[[ Input open ]]

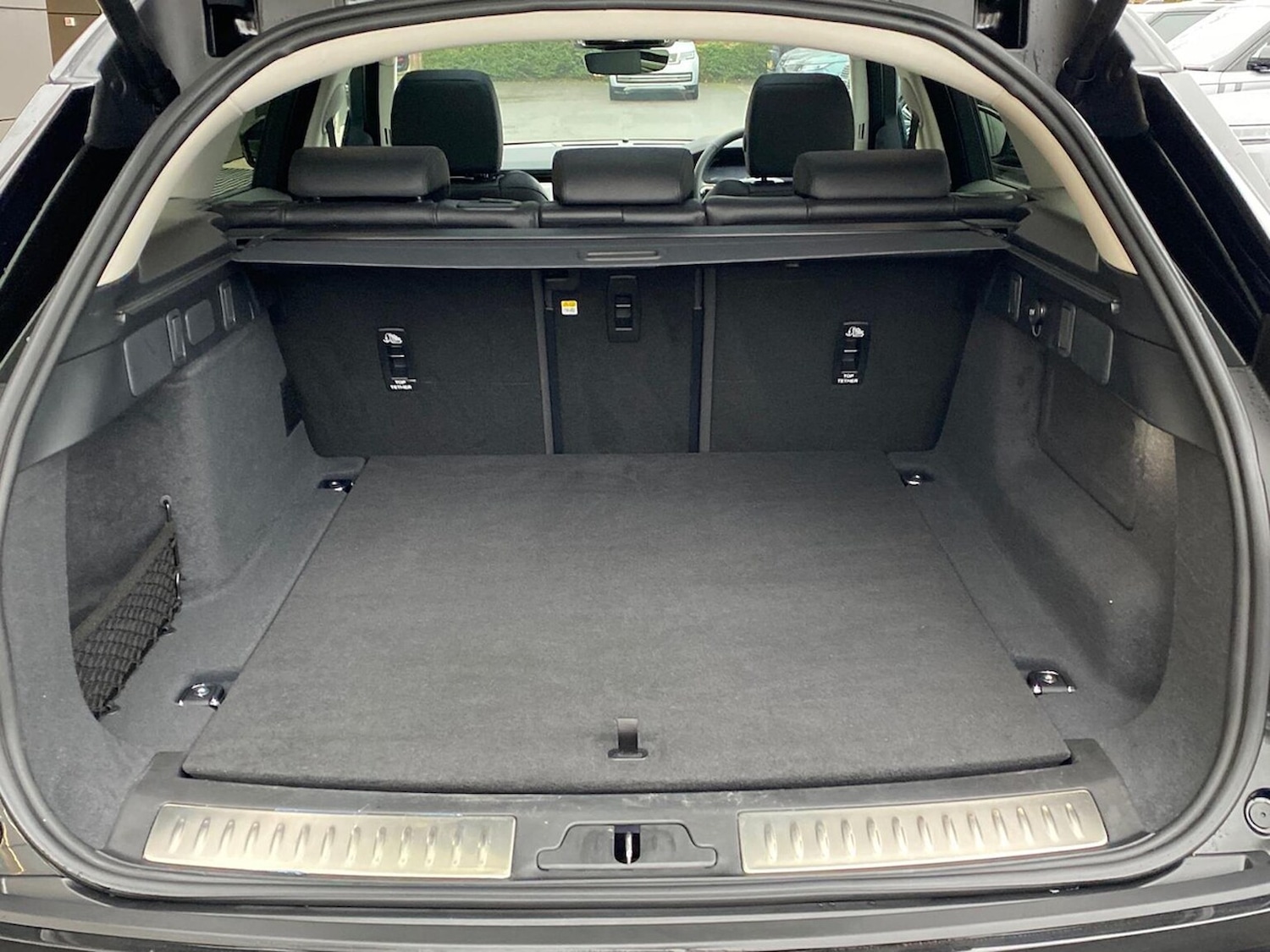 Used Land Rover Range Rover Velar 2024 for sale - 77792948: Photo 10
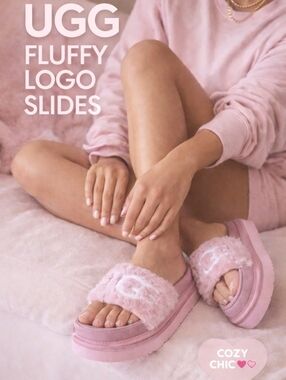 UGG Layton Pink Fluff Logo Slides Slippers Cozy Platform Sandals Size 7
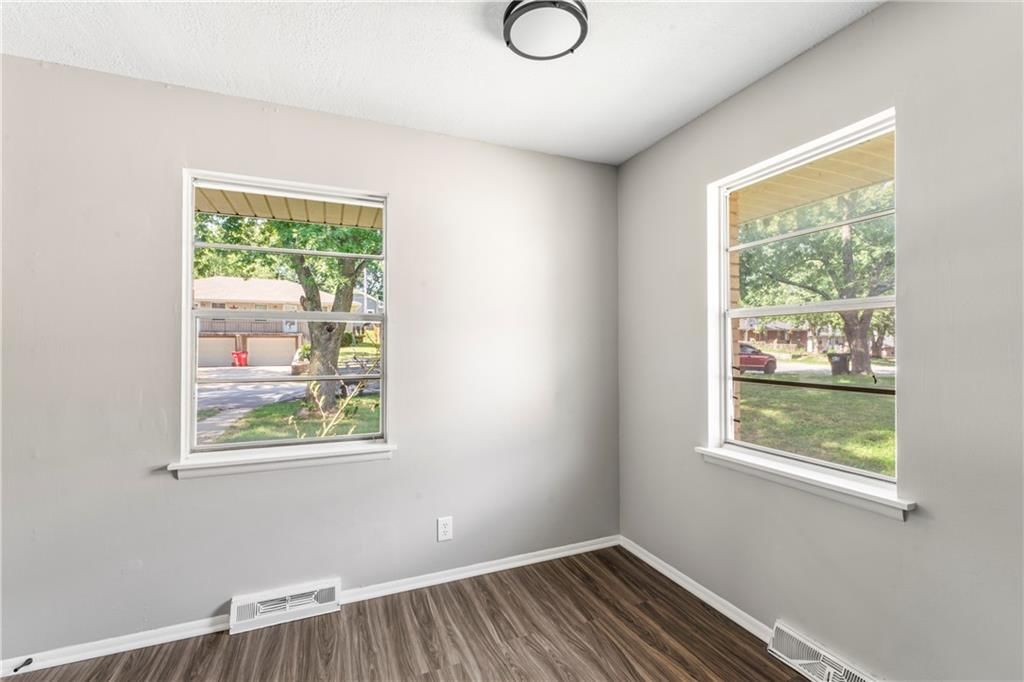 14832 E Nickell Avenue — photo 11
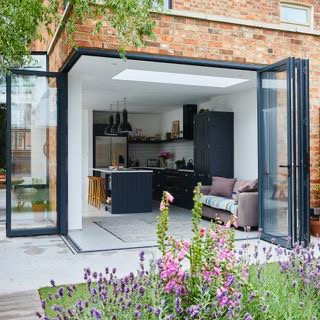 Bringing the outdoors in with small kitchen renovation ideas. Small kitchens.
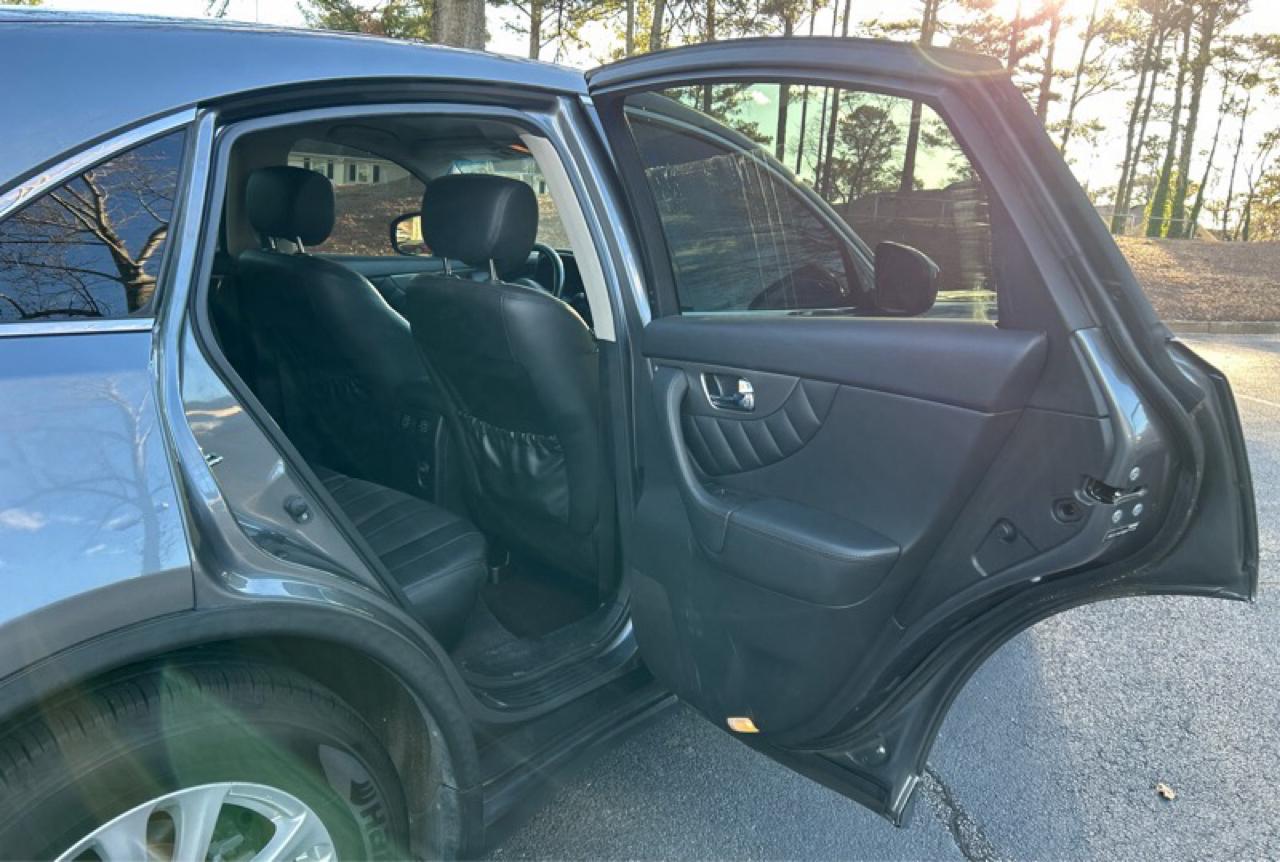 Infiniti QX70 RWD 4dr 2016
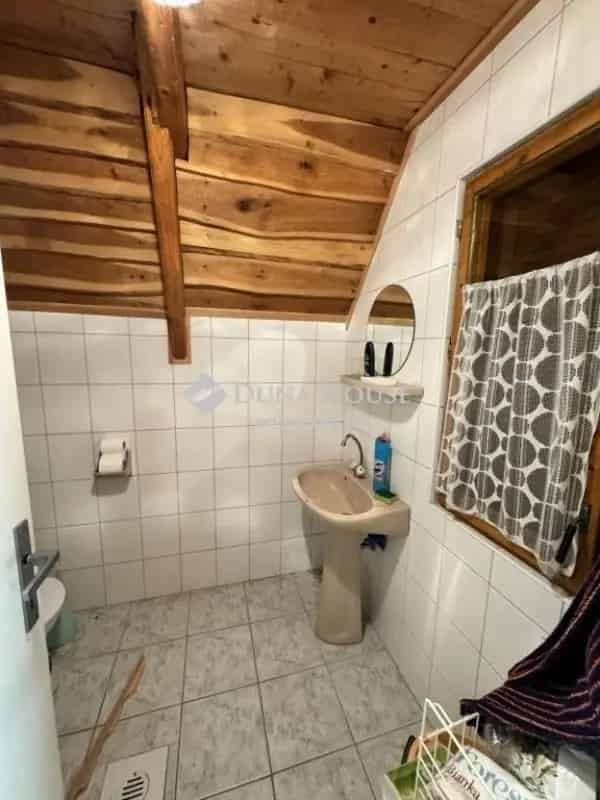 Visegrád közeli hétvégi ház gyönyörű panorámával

[[ Input closed ]]

Exercise instructions =
Without any of its pictures, the listing is to be repeated exactly as it stands.

Response to the exercise =
 Used Land Rover Range Rover Velar 2024 for sale - 77792948: Photo 10
 UGG Layton Pink Fluff Logo Slides Slippers Cozy Platform Sandals Size 7
 14832 E Nickell Avenue — photo 11
 Bringing the outdoors in with small kitchen renovation ideas. Small kitchens.
 Infiniti QX70 RWD 4dr 2016
 Visegrád közeli hétvégi ház gyönyörű panorámával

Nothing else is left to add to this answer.